Although tea has long been viewed as a revitalizing beverage, only recently has scientific research begun to substantiate the benefits of drinking tea. The results are promising: adding tea to your daily diet could be the edge you need to stay healthy from head to toe.
“New studies reveal how the powerful antioxidant phytonutrients (plant nutrients) in tea, called flavonoids, may help defend the body against a variety of ailments,” says Jim Kinsinger, PhD, of Celestial Seasonings. Drinking tea regularly may help many tissues in the body, including:
Heart and Blood Vessels: a recent USDA study reports that tea reduces “bad” LDL cholesterol in the blood and increases the ability of blood vessels to respond to stress. Tea consumption has been linked with a reduced risk for heart disease and stroke in many studies.
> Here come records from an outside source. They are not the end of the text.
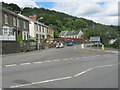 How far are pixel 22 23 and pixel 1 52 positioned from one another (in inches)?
710

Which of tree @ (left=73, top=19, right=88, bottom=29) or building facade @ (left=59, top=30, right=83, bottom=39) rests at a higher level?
tree @ (left=73, top=19, right=88, bottom=29)

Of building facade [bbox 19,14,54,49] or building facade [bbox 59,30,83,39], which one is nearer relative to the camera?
building facade [bbox 19,14,54,49]

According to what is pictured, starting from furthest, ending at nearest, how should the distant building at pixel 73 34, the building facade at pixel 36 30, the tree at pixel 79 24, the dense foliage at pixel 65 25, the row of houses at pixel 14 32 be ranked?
the tree at pixel 79 24
the distant building at pixel 73 34
the dense foliage at pixel 65 25
the building facade at pixel 36 30
the row of houses at pixel 14 32

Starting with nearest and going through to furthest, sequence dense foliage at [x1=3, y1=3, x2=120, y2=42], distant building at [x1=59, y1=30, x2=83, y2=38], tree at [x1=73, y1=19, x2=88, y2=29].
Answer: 1. dense foliage at [x1=3, y1=3, x2=120, y2=42]
2. distant building at [x1=59, y1=30, x2=83, y2=38]
3. tree at [x1=73, y1=19, x2=88, y2=29]

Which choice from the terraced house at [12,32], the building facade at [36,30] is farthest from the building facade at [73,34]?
the terraced house at [12,32]

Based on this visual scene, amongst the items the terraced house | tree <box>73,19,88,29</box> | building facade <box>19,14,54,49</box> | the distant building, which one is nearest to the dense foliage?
tree <box>73,19,88,29</box>

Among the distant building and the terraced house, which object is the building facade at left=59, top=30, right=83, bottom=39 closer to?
the distant building

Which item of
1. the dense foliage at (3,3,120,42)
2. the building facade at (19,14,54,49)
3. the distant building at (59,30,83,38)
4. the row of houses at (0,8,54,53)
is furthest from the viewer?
the distant building at (59,30,83,38)

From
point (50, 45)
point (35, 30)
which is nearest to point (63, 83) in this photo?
point (50, 45)

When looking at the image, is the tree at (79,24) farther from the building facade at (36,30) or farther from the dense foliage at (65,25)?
the building facade at (36,30)

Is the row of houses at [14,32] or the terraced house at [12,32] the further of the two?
the row of houses at [14,32]

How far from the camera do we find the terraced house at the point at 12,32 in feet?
80.5

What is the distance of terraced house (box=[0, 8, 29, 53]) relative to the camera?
24.5m

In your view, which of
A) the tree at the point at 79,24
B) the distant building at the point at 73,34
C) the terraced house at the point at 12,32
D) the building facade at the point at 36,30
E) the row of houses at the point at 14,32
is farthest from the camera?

Cancer: the flavonoids in tea can act to inhibit the development of precancerous lesions and cancers in many tissues, including bladder, breast, intestine, liver, lung, mouth, pancreas, and skin, in animal studies and human cell lines.
Bones and Joints: tea consumption may help maintain bone mineral density during aging, reduce osteoporosis, and prevent fractures. Some research indicates tea flavonoids have anti-inflammatory actions and may reduce the severity of rheumatoid arthritis.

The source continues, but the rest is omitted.